We define the equilibrium mass action ratio as

$${\left(\frac{\left[{\text{NADH}}^{2-}\right]\left[{\text{OAA}}^{2-}\right]}{\left[{\text{NAD}}^{-}\right]\left[{\text{MAL}}^{2-}\right]}\right)}_{\text{eq}}=K_{\text{eq}}^{\prime }=K_{\text{eq}}\frac{1}{h},$$ (5)

where h represents the hydrogen ion activity computed as h = 10^−pH. The K′_eq, estimated from Li et al. (17) at I = 0.17 M and T = 25°C, is 8.3 × 10⁻¹³ M⁻¹.

The kinetic model used to analyze data on this reaction is based on the ordered bi-bi mechanism illustrated in Fig. 1 A. Specifically, it is assumed that at a given pH, the reaction follows a quasi-steady rate law for the ordered bi-bi mechanism that can be computed as (18)

$$\frac{dP}{dt}=\frac{dQ}{dt}=-\frac{dA}{dt}=-\frac{dB}{dt}=\frac{E_0\left({\overline{k}}_1{\overline{k}}_2{\overline{k}}_3{\overline{k}}_4\left[A\right]\left[B\right]-{\overline{k}}_{-1}{\overline{k}}_{-2}{\overline{k}}_{-3}{\overline{k}}_{-4}\left[P\right]\left[Q\right]\right)}{\text{den}},$$ (6)

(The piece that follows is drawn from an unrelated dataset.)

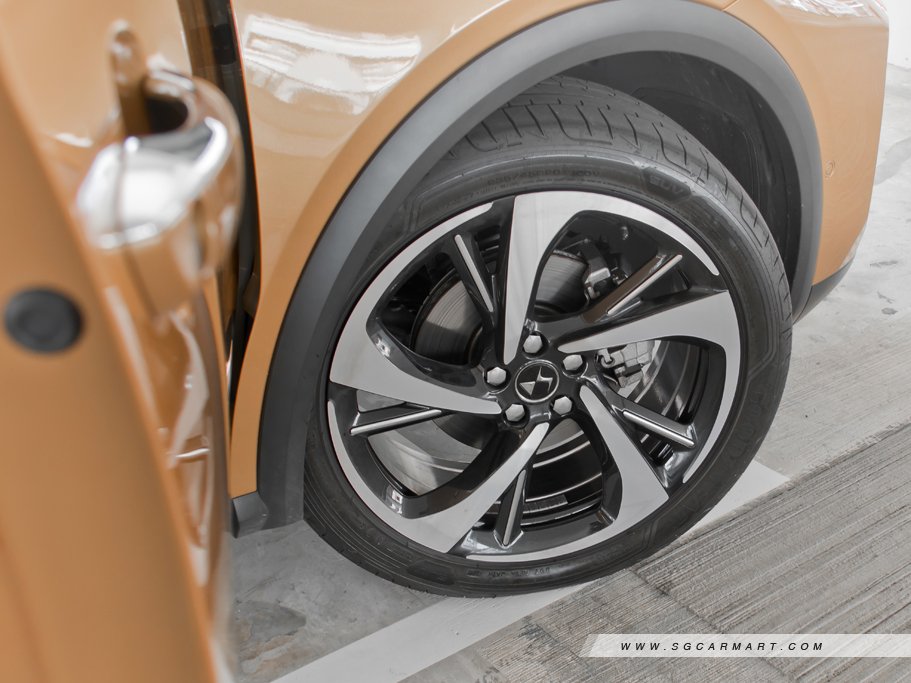 https://i.i-sgcm.com/new_cars/cars/12424/12424_g40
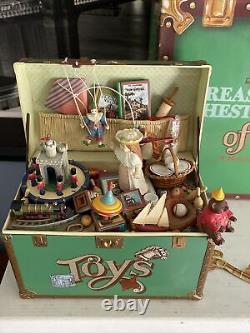 Enesco'Treasure Chest of Toys' Animated Music Box In box plays Toy Symphony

where the denominator term is

$${\overline{k}}_{-1}{\overline{k}}_4\left({\overline{k}}_{-2}+{\overline{k}}_3\right)+{\overline{k}}_1{\overline{k}}_4\left({\overline{k}}_{-2}+{\overline{k}}_3\right)\left[A\right]+{\overline{k}}_2{\overline{k}}_3{\overline{k}}_4\left[B\right]+{\overline{k}}_{-1}{\overline{k}}_{-2}{\overline{k}}_{-3}\left[P\right]+{\overline{k}}_1{\overline{k}}_{-4}\left({\overline{k}}_{-2}+{\overline{k}}_3\right)\left[Q\right]+{\overline{k}}_1{\overline{k}}_2\left({\overline{k}}_3+{\overline{k}}_4\right)\left[A\right]\left[B\right]+{\overline{k}}_1{\overline{k}}_{-2}{\overline{k}}_{-3}\left[A\right]\left[P\right]+{\overline{k}}_2{\overline{k}}_3{\overline{k}}_{-4}\left[B\right]\left[Q\right]+{\overline{k}}_{-3}{\overline{k}}_{-4}\left({\overline{k}}_{-1}+{\overline{k}}_{-2}\right)\left[P\right]\left[Q\right]+{\overline{k}}_1{\overline{k}}_2{\overline{k}}_{-3}\left[A\right]\left[B\right]\left[Q\right]+{\overline{k}}_2{\overline{k}}_{-3}{\overline{k}}_{-4}\left[B\right]\left[P\right]\left[Q\right].$$ (7)

In this equation, E₀ is the enzyme concentration; [A], [B], [P], and [Q] represent concentration of species NAD⁻, MAL²⁻, NADH²⁻, and OAA²⁻, respectively; and the ${\overline{k}}_i$ represent apparent rate constants. The concentrations of species malate and oxaloacetate depend on pH and are expressed using binding polynomials, defined as

$$\begin{array}{l}{P}_{\text{MAL}}=\left(1+\frac{h}{K_{H,\text{MAL}}}\right),\\ P_{\text{OAA}}=\left(1+\frac{h}{K_{H,\text{OAA}}}\right),\end{array}$$ (8)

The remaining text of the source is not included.